The simmering tensions along the LAC in the Galwan Valley between India and China took a violent turn on the night of Monday 15 June in which the Indian Army lost one officer and two soldiers according to a brief statement issued by the Indian Army. “During the de-escalation process underway in the Galwan Valley, a violent face-off took place yesterday night (Monday) with casualties on both sides. The loss of lives on the Indian side includes an officer and two soldiers,” it added. The statement also informed that “senior military officials of the two sides are currently meeting at the venue to defuse the situation.”
Later in late Tuesday night the Indian Army released an official statement and said “Indian and Chinese troops have disengaged at the Galwan area where they had earlier clashed on the night of 15/16 June 2020.”
The death toll was also revised to confirm17 more having succumbed – “who were critically injured at the stand-off location and exposed to sub-zero temperatures in the high altitude terrain, taking the total of killed in action to 20.” The Army statement further added, “Indian Army is firmly committed to protect the territorial integrity and sovereignty of the nation.”

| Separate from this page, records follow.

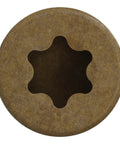 Finish Trim Screws No 7 By 3 In T10 Trim Head with Sawtooth Point, underhead threads, Tan Quik Guard, screw head close-up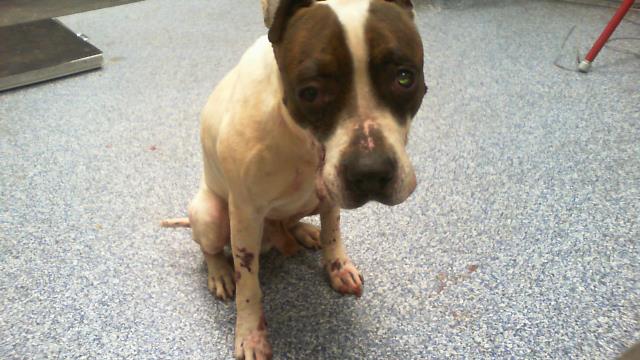 Shelter Stray Male Dog last seen CHARLOTTE, Charlotte, NC 28217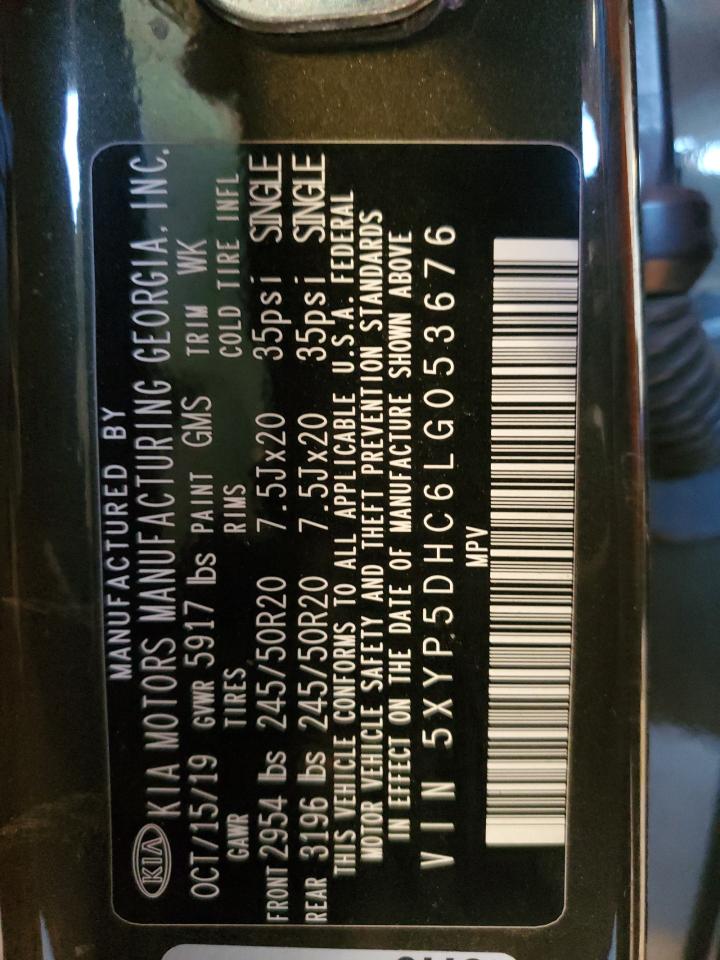 2020 Kia Telluride Sx VIN: 5XYP5DHC6LG053676 Lot: 69737175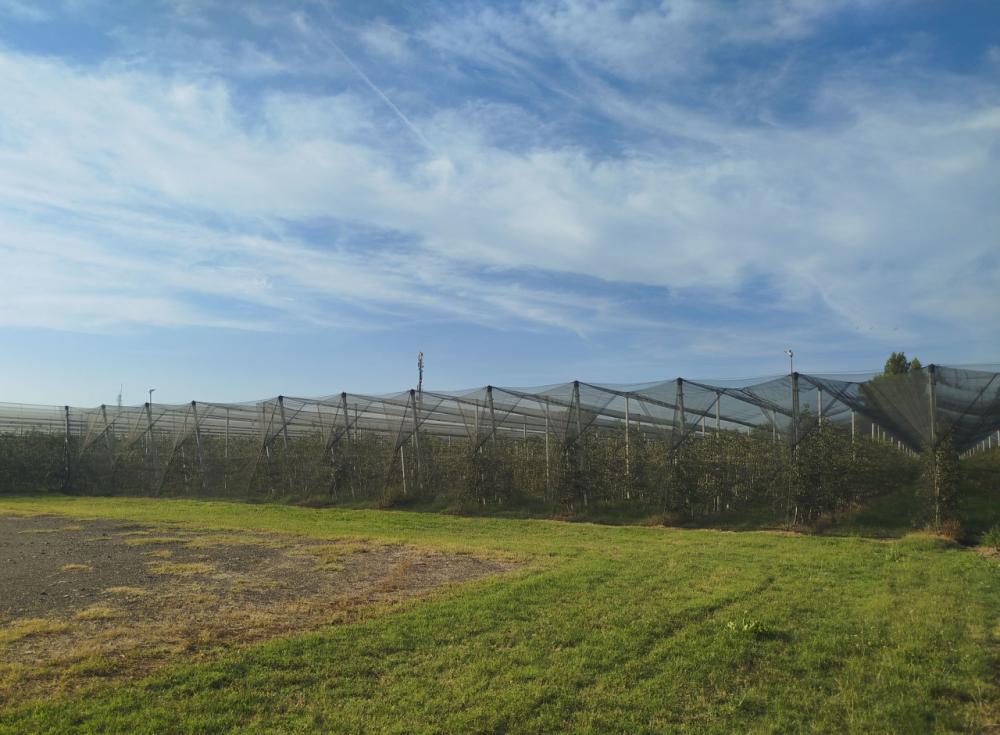 terreno agricolo in vendita a Modena in zona Centro Storico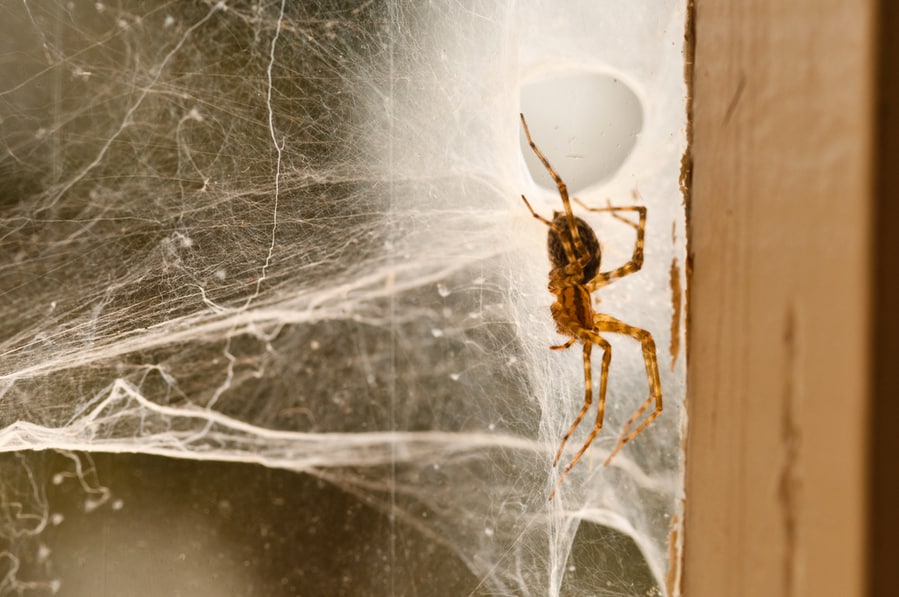 Remove Their Webs Remove Their Webs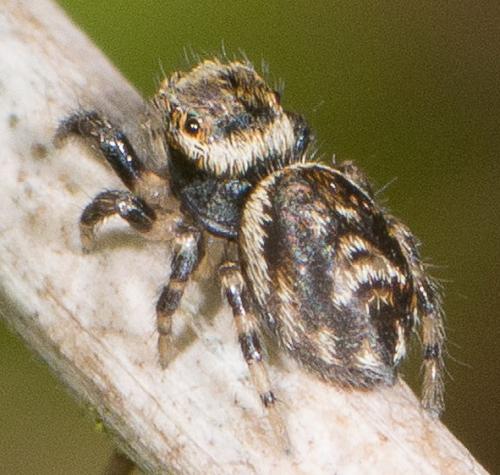 Evarcha falcata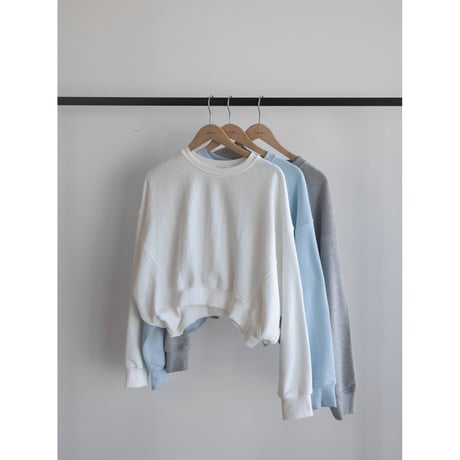 《予約販売》raglan sleeve minimal mtm/3colors_nt2013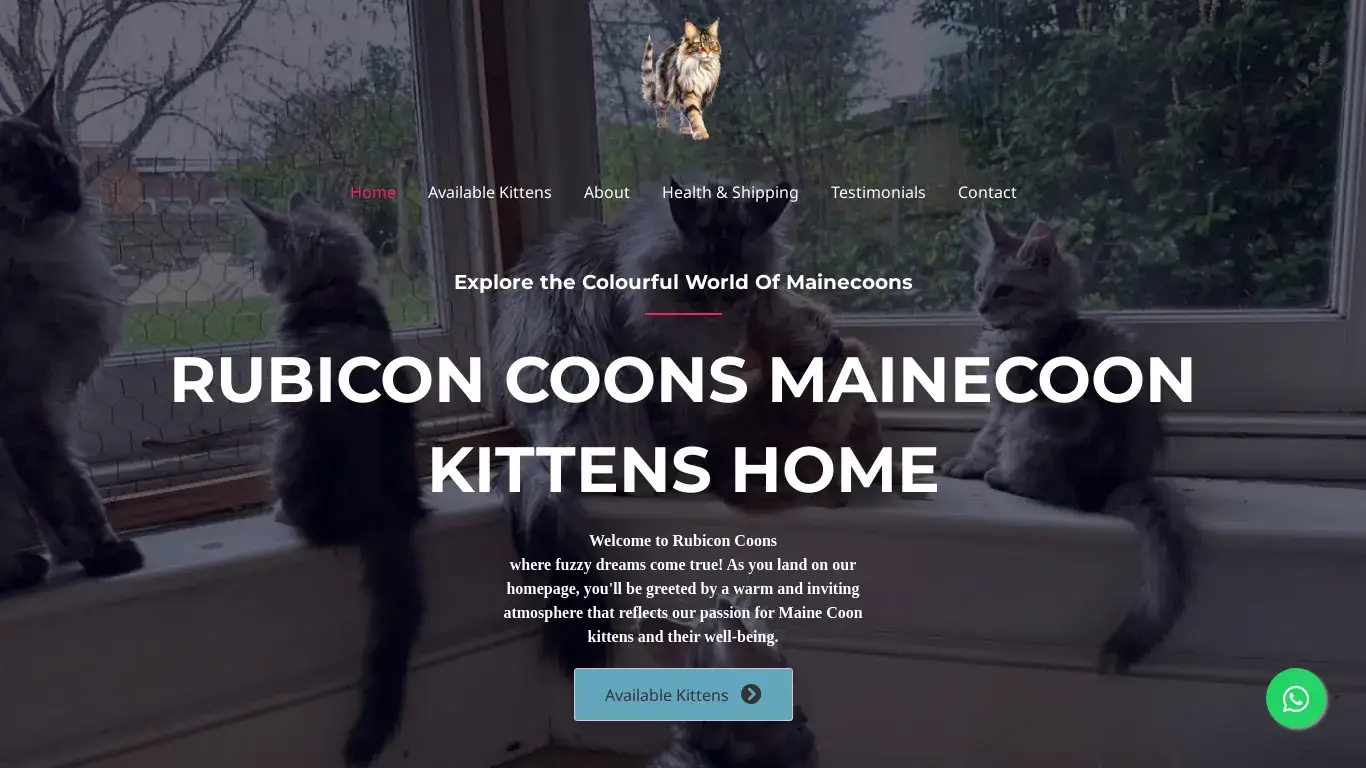 is Rubicon Coons – Cute Mainecoon Kittens For Sale legit? screenshot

Meanwhile, Indian intercepts reveal that the Chinese side also suffered major casualties, totalling 43, including dead and seriously injured, in the brutal face-off in the Galwan Valley. According to the sources, Chinese helicopters were seen airlifting casualties along the LAC on 16th June.
It was the first loss of lives along the disputed India-China border in the past 45 years. China, meanwhile, has alleged that the Indian troops “crossed the border” twice on 15 June and provoked and “attacked Chinese personnel” which led to serious physical conflict between the two sides. The Chinese Foreign Ministry also urged India to “strictly restrain its frontline troops from crossing the border or taking any unilateral action that may complicate the border situation.”
The last fatalities at the Line of Actual Control (LAC) had happened in 1975 when an Indian patrol was ambushed by Chinese soldiers in Arunachal Pradesh. A violent clash between the two sides on the border had also taken place in Nathu La in 1967.
Tensions between the two armies have been brewing at the borders since reports of a scuffle between the soldiers of both sides at Pangong Tso in eastern Ladakh and Naku La in Sikkim, early last month. Both the armies have since mobilised and reinforced forward positions and moved up heavy military equipment along the Line of Actual Control (LAC).
Latest Faceoff: Sequence of Events
Apart from two brief official statements issued by the Indian Army, the details of the situation in the Galwan Valley are hazy. There is an official confirmation about the deaths of Colonel B Santosh Babu, Commanding Officer (CO) and 19 soldiers in the violent clash on Monday night.
According to sources, in compliance with the agreement reached on 6 June between the Corps Commanders of India and China in a meeting held in the Chushul-Moldo region, the 16 Bihar Regiment, which is deployed in the area, was waiting at the Patrol Point 14, led by its Commanding Officer, to ensure that the terms of disengagement were being met by the Chinese side. The Chinese side needed to go back to Post 1 which is 5km to the east from Patrol Point 14, on their side of LAC, according to the disengagement plan.
As dusk fell, dozens of PLA soldiers suddenly turned back and attacked the Commanding Officer (CO) and two of his soldiers standing next to him with iron rods and stones injuring them grievously. The suddenness of the attack took Indian troops by surprise and the moment the CO fell to the ground, the rest of the Indian soldiers and the company further behind, got into a fight with the Chinese soldiers. The Chinese also brought in more reinforcements to take on the Indian battalion. Fisticuffs, jostling, pelting of stones, and blows with iron rods were exchanged at an altitude of 15000-16000 feet.
The fight went on till midnight, according to the sources, with soldiers going helter-skelter from both sides. Both sides were chasing each other and fighting, though no shots were exchanged. Yet, the grievous injuries on both sides did the heavy damage. The Chinese troops came prepared with iron rods, sticks studded with studs and metal tips and stones.
Exhausted, both sides dispersed after midnight. In the morning, senior officers from both sides rushed to the spot and held meetings at the level of Major Generals from either side to diffuse and de-escalate.
Undoubtedly, the killings of an Indian Army Commanding Officer and 19 soldiers in the Galwan Valley in eastern Ladakh, the first such incident in the last 45 years,is a massive escalation in the five-week border row.